**Problem to work on**. From the line with "Step 2 step" through the line with "38510 0138 - Stamp", repeat the entries verbatim, both end lines included, and add nothing.

**Input**.
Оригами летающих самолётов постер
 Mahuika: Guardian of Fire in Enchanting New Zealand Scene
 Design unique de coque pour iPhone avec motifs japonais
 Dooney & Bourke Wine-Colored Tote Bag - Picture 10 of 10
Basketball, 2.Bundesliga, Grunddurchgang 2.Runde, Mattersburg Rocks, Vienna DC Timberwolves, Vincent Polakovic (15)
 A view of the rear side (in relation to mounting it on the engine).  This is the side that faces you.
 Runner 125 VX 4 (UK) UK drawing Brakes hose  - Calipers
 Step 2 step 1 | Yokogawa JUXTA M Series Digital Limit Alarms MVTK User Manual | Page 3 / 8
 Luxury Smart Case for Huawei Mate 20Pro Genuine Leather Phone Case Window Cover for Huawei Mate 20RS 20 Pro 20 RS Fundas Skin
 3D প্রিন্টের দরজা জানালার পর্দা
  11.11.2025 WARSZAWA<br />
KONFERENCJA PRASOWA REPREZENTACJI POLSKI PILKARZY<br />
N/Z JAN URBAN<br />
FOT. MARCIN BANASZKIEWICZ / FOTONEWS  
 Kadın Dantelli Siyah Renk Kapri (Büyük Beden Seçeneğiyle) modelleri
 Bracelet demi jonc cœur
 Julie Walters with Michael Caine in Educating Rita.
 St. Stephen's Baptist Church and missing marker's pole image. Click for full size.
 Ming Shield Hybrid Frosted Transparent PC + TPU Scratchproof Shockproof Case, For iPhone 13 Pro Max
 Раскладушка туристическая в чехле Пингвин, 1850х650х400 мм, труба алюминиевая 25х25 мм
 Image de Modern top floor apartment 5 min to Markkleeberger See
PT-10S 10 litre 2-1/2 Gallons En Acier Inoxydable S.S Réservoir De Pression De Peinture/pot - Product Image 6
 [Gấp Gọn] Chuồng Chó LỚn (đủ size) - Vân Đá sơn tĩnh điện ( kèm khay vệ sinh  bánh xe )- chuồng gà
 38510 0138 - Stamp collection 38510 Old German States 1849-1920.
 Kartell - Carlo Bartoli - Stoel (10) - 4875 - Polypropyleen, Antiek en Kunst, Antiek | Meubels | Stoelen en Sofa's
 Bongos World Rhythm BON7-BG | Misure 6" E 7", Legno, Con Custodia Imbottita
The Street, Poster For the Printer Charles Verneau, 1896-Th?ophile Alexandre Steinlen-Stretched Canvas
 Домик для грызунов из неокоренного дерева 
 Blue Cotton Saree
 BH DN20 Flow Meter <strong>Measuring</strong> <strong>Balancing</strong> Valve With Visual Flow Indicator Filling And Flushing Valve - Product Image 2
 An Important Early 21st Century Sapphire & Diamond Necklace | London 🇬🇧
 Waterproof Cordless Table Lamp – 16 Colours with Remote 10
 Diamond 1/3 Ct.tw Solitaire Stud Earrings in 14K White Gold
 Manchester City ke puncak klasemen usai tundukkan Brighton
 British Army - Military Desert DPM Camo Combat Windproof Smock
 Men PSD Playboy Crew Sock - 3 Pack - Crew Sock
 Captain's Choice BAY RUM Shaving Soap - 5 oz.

**The completed task**.
 Step 2 step 1 | Yokogawa JUXTA M Series Digital Limit Alarms MVTK User Manual | Page 3 / 8
 Luxury Smart Case for Huawei Mate 20Pro Genuine Leather Phone Case Window Cover for Huawei Mate 20RS 20 Pro 20 RS Fundas Skin
 3D প্রিন্টের দরজা জানালার পর্দা
  11.11.2025 WARSZAWA<br />
KONFERENCJA PRASOWA REPREZENTACJI POLSKI PILKARZY<br />
N/Z JAN URBAN<br />
FOT. MARCIN BANASZKIEWICZ / FOTONEWS  
 Kadın Dantelli Siyah Renk Kapri (Büyük Beden Seçeneğiyle) modelleri
 Bracelet demi jonc cœur
 Julie Walters with Michael Caine in Educating Rita.
 St. Stephen's Baptist Church and missing marker's pole image. Click for full size.
 Ming Shield Hybrid Frosted Transparent PC + TPU Scratchproof Shockproof Case, For iPhone 13 Pro Max
 Раскладушка туристическая в чехле Пингвин, 1850х650х400 мм, труба алюминиевая 25х25 мм
 Image de Modern top floor apartment 5 min to Markkleeberger See
PT-10S 10 litre 2-1/2 Gallons En Acier Inoxydable S.S Réservoir De Pression De Peinture/pot - Product Image 6
 [Gấp Gọn] Chuồng Chó LỚn (đủ size) - Vân Đá sơn tĩnh điện ( kèm khay vệ sinh  bánh xe )- chuồng gà
 38510 0138 - Stamp collection 38510 Old German States 1849-1920.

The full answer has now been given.